> Dataset content:
^^^^^^^^
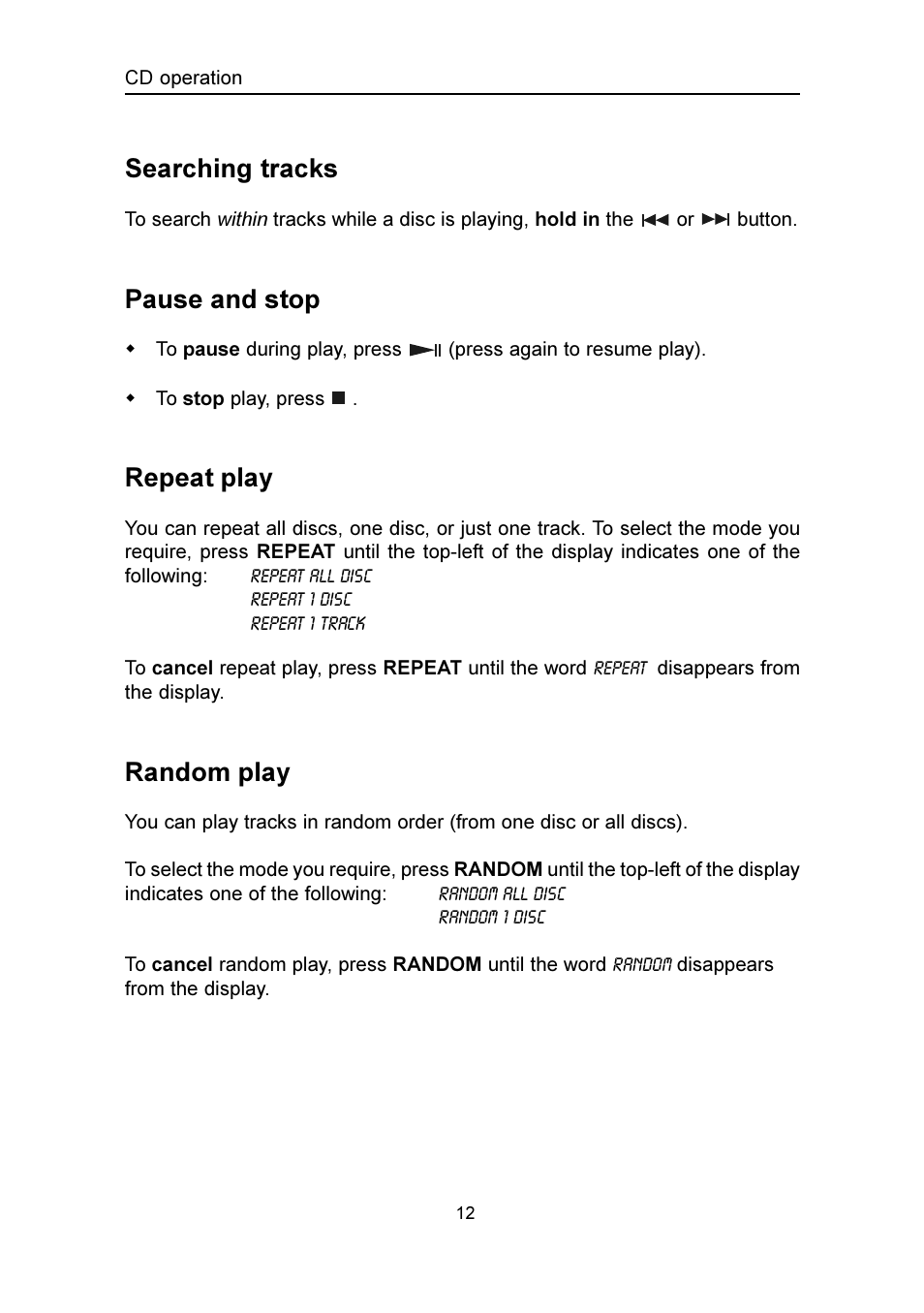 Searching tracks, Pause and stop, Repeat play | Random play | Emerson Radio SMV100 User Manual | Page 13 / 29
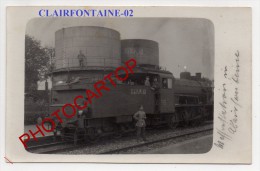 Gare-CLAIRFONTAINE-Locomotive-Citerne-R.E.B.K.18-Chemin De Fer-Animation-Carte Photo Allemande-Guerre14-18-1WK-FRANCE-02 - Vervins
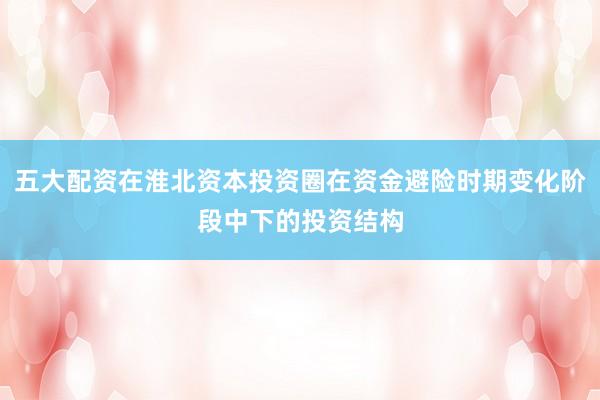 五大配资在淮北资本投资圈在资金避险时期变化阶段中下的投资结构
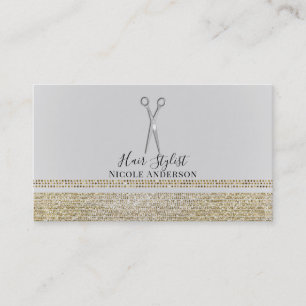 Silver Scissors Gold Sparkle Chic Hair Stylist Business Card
^^^^^^^^
Drop the pictures, then write out only the lines running from the one containing "Allemande-Guerre14-18-1WK-FRANCE-02 - Vervins" through the last line above, both included, exactly.

> Result below:
 Gare-CLAIRFONTAINE-Locomotive-Citerne-R.E.B.K.18-Chemin De Fer-Animation-Carte Photo Allemande-Guerre14-18-1WK-FRANCE-02 - Vervins
 五大配资在淮北资本投资圈在资金避险时期变化阶段中下的投资结构
 Silver Scissors Gold Sparkle Chic Hair Stylist Business Card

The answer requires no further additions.